• Life
Being Intentional on Instagram
I’ve written a blog post in the past about controlling my social media usage after identifying how addicted I was getting to them. Since that blog post, I’ve put in controls to make sure that I get better at my social media consumption. I want to think that over time I’ve gotten a lot better at controlling my desire to be scrolling mindlessly on a feed 24/7.
As I alluded to on my year review post, I wanted 2021 to be my year of seriously taking my time with things and enjoying the journey. But just like every year, social media in January is filled with the “you gotta hustle this year to succeed” and “here are 10000 goals I will fulfill this year” Don’t get me wrong, it’s not necessarily terrible.
To some, including myself at one point, it was incredibly motivational and what I needed to go beyond limits. I always felt like I was rushing to reach my goals out there, stressing out if I hadn’t got a fully well-thought-out plan before January 1st. Writing it out now, it was just so silly. Seeing these sorts of posts flood my feed wasn’t what I needed, mostly since I was naturally influenced by what I see. I mean, all of us are, and that’s the truth.

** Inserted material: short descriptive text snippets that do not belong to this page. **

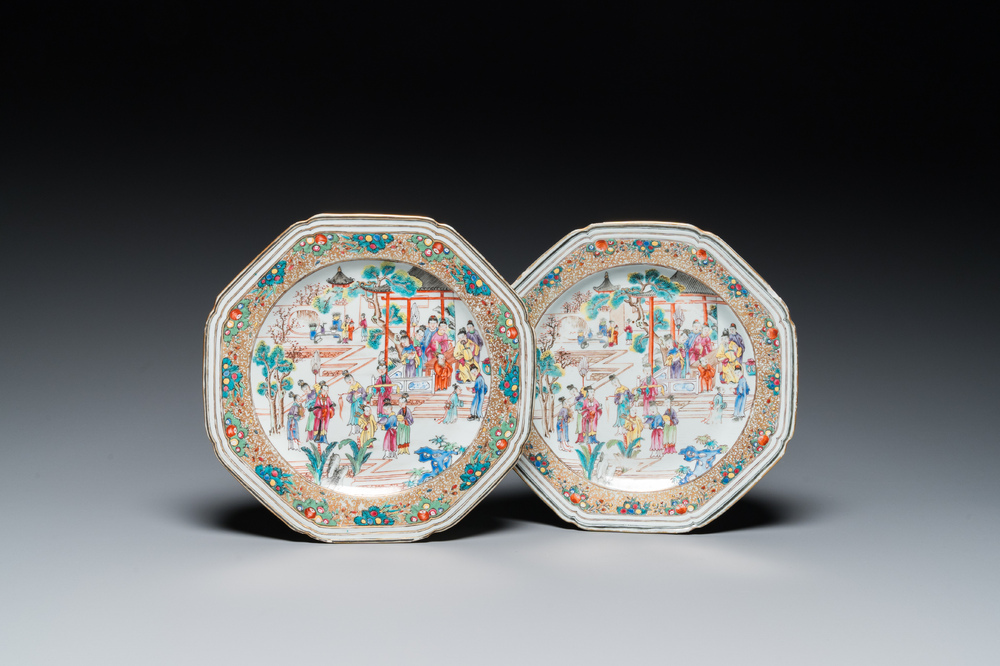 Een paar Chinese octagonale famille rose borden met mandarijns decor, Qianlong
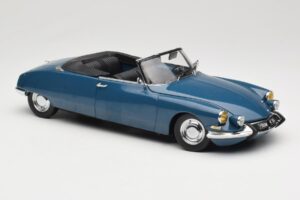 Citroën DS 19 Cabriolet Rouge Sun Star 1:18 4742 Métal — image 6 sur 8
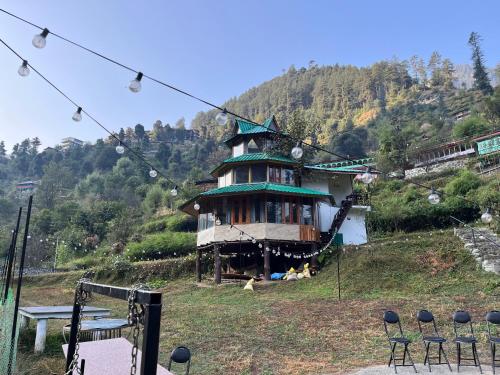 the tree house jibhi swastika aashiyana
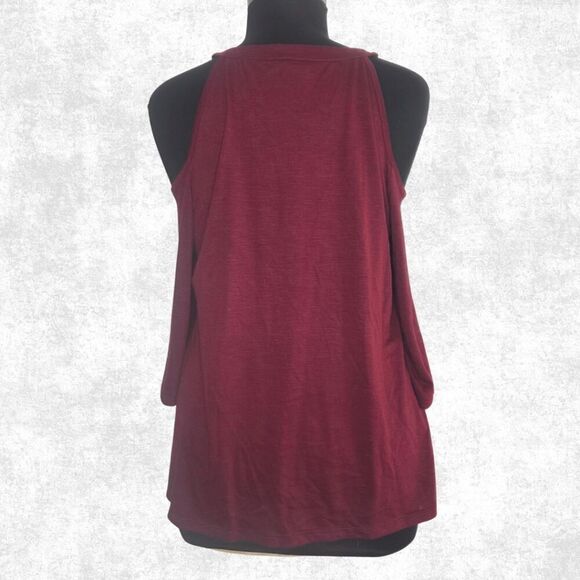 Torrid Wine Lace Cold Shoulder Top – Plus Size 1 (14–16) | Burgundy Keyhole Blou - Picture 6 of 6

Thoughts of “should I be aiming for the same thing?” Or “maybe I’m not ambitious enough as all the people on my timeline…” Ridiculous, I know. Now I see this sort of pattern a lot on every social media platform, but for me, Instagram is the absolute worse for this.
My focus on Instagram
Twitter, LinkedIn, YouTube… I get “bored” of these social media platforms quickly and don’t tend to scroll endlessly. Instagram, on the other hand, I could go on for hours.

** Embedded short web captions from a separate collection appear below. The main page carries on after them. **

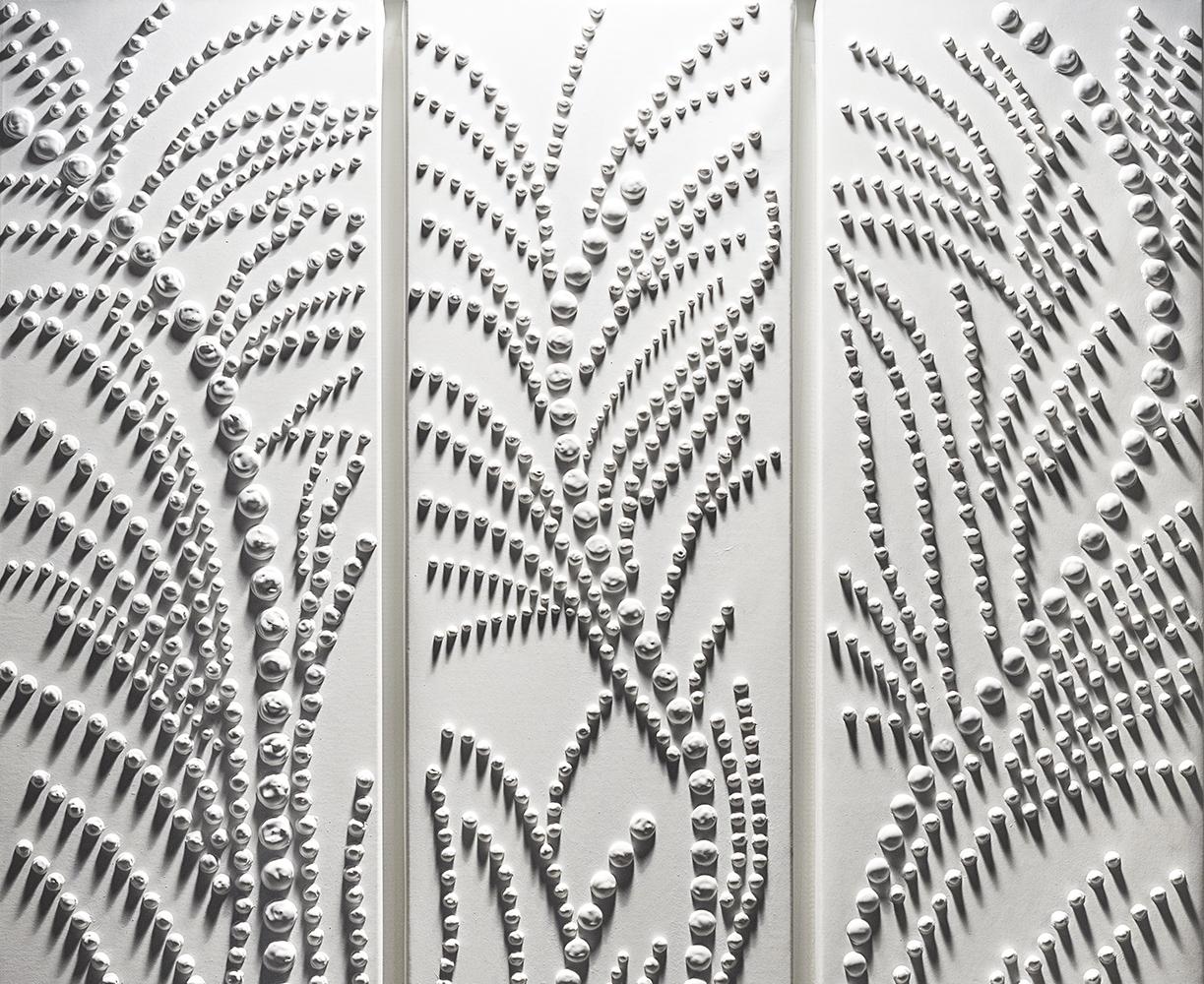 Vegetal, monochrome painting by contemporary artist Jane Puylagarde.
Acrylic on canvas, 156 cm x 81 cm (triptych composed of three panels).
Undulating shapes of flows and swirls move up or down in a vertical dynamic. Every shape comprises a series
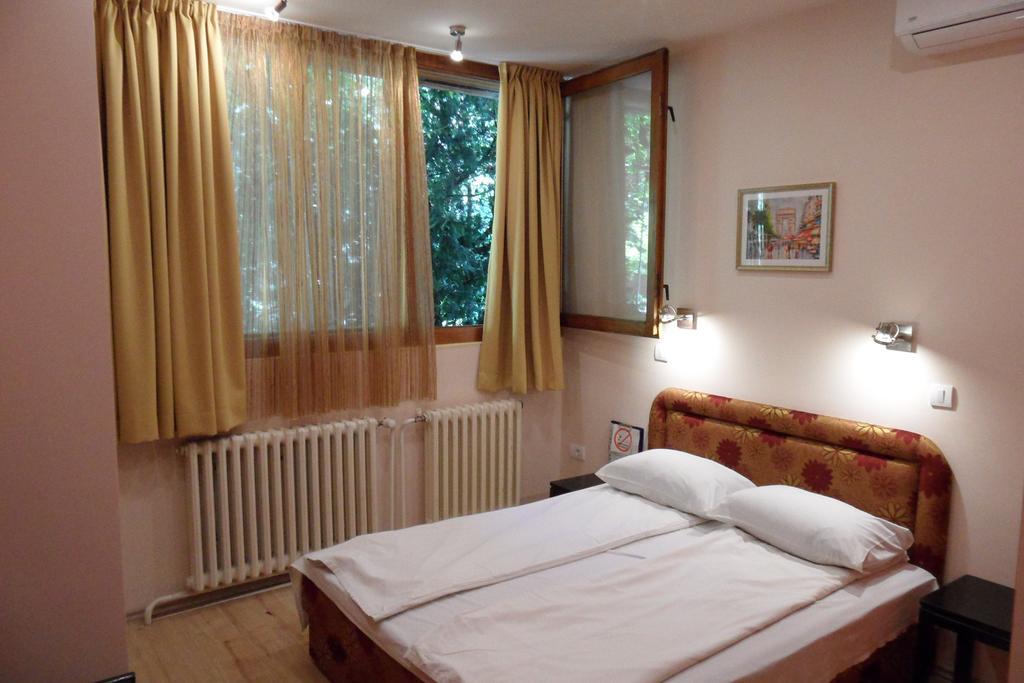 Hostel Oasis Belgrad Pokój zdjęcie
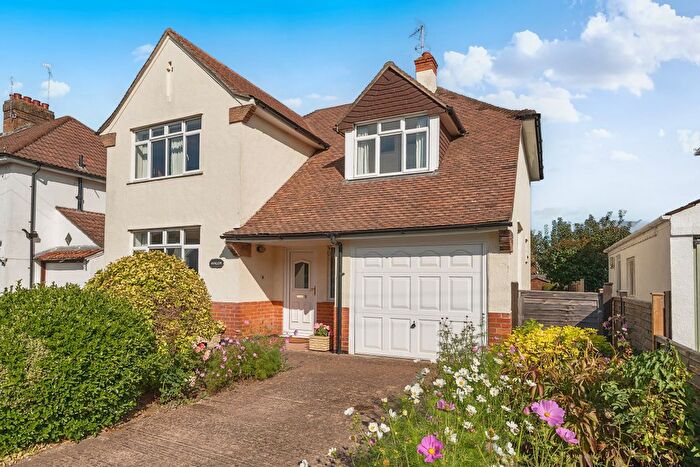 4 Bedroom Detached House For Sale In Henley Road, Taunton, TA1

Along with wanting to get away from the hustle content I saw more of on IG AND trying to reduce my mindless scrolling on the most addictive platform for me, I deleted the app from my phone.
Phew. A huge step, eh?
I’ve never really done it before because I always feel the “itch” and aggressive amounts of FOMO with the THOUGHT of deleting the app from my phone. Again, yes, it’s true, and I know that I’m not the only one.

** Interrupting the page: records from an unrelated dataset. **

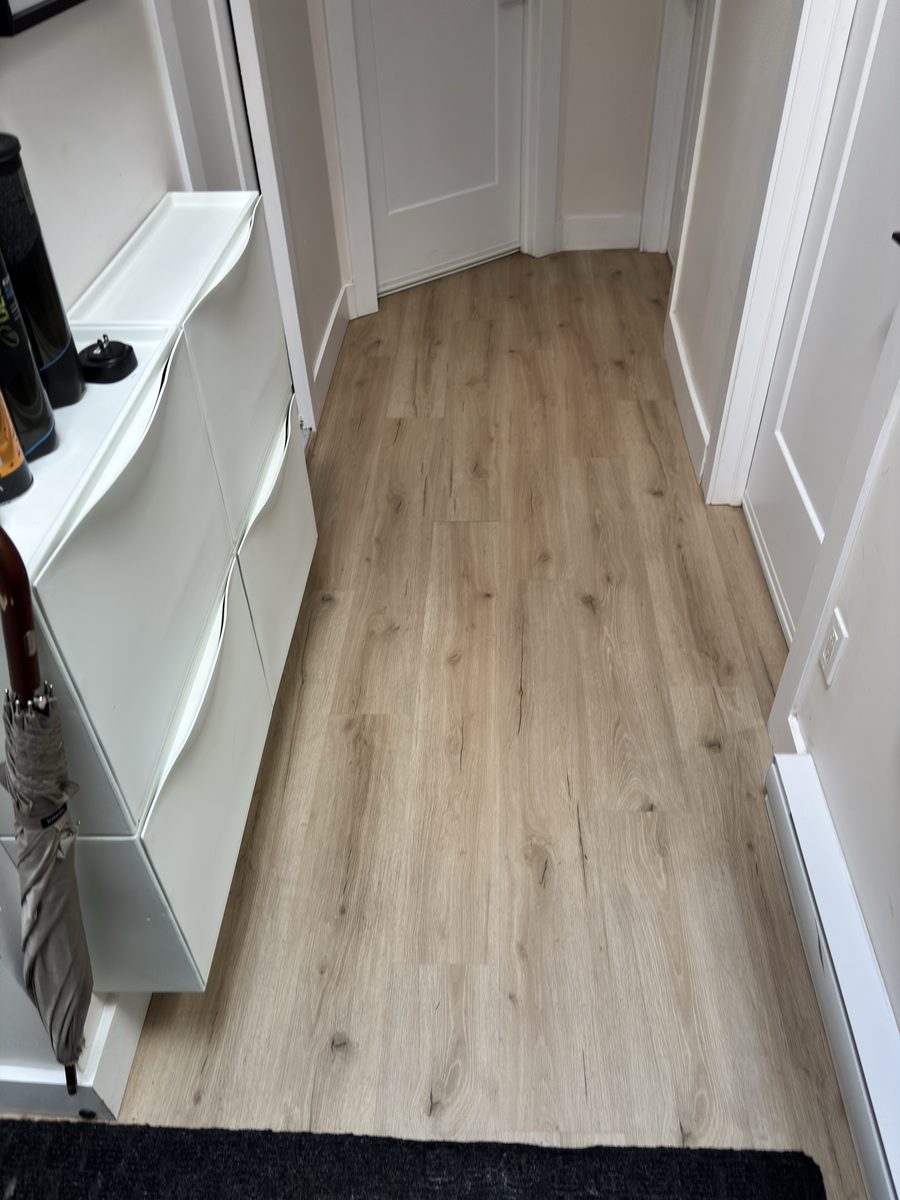 Plancher de bois impeccable dans l'entrée après un nettoyage en profondeur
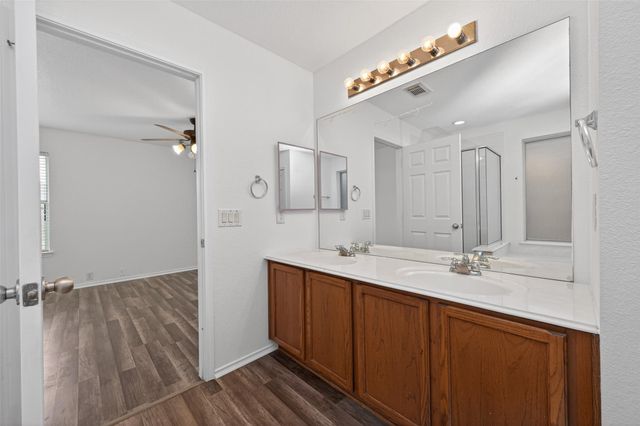 2219 Mountain Ranch Dr, Houston, TX 77049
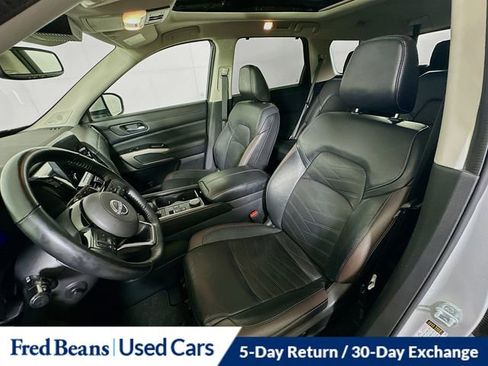 Used 2022 Nissan Pathfinder Platinum w/ Cargo Package image 24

It’s embarrassing how addicted I am to Instagram and how typing made me feel silly, but I hope it demonstrates how much of a huge step it was for me.
Shortly after deleting it, I felt the itch to watch my Close Friends’ stories and began to miss that social interaction I had with a lot of folks I don’t speak to day-to-day (especially important now in our third UK lockdown.) One thing I loved about Instagram was 100% this community aspect!
I shared my thoughts on this on Twitter which I always find has valuable information shared by high-value folks that I follow or follow me on the platform.
If you want to still post stories and see what your close friends are up to, and DMs, I recommend Threads by Instagram https://t.co/jnazHf24Vd I only use Threads and it’s ideal to be more mindful. I just install Insta from time to time when I have stories with music to create
— Alexandre Mouriec (@mrcalexandre) January 4, 2021
Alexandre recommended that I try out Threads. Threads is an app that is also created by Instagram, which focuses more on Close Friends, Stories from people that you follow and completely removes the endless feed and account stalking that we’ve all done. 😂
It reminds me of my old Snapchat days, where I enjoyed sharing bits of my life to my closest friends. I quickly found it the best way to continue sharing on my Stories, keep connected with my closest friends, and be selective on whose stories I want to watch (which tends to be Close Friends’ only these days!)
Like those Snapchat days, I tend to forget to check on it until lunchtime or sometimes even after work. For once in a long time, I felt in full control of my Instagram usage and brought back a social media platform’s real value.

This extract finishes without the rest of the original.